All records below must be reproduced exactly, although any pictures they contain are to be omitted.

■ **Brief descriptive captions**:
• • • •

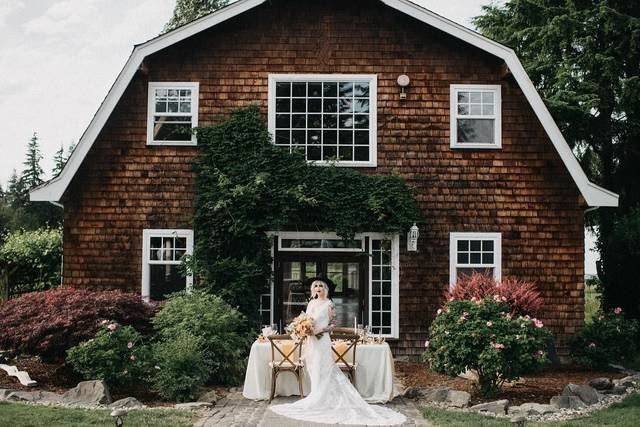 Bride posing at head table | Photo by Clementine's Photography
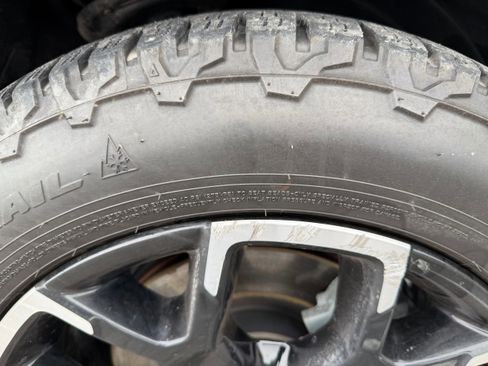 Used 2025 MAZDA CX-50 Meridian Edition w/ Apex Package image 18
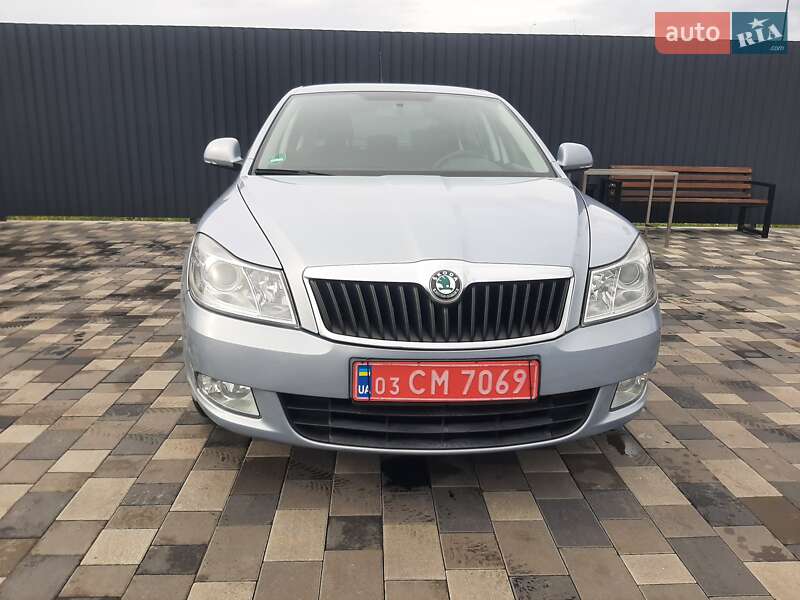Лифтбек Skoda Octavia 2009 в Полтаве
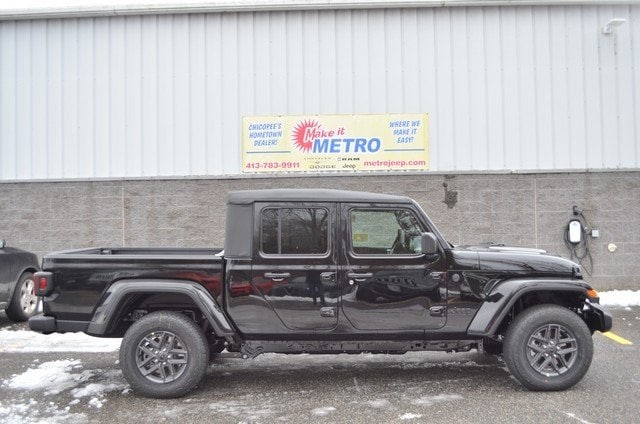 2026 Jeep Gladiator Sport S's photo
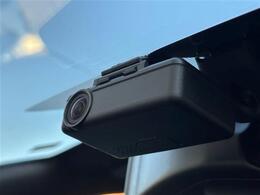 【ドライブレコーダー】映像・音声などの運転中の記録を残します。事故などを起こした起こされた時の証拠になりえますので、もしも時でも安心ですね。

• • • •

■ **ANSWER FOR THIS EXERCISE**:
 Bride posing at head table | Photo by Clementine's Photography
 Used 2025 MAZDA CX-50 Meridian Edition w/ Apex Package image 18
Лифтбек Skoda Octavia 2009 в Полтаве
 2026 Jeep Gladiator Sport S's photo
 【ドライブレコーダー】映像・音声などの運転中の記録を残します。事故などを起こした起こされた時の証拠になりえますので、もしも時でも安心ですね。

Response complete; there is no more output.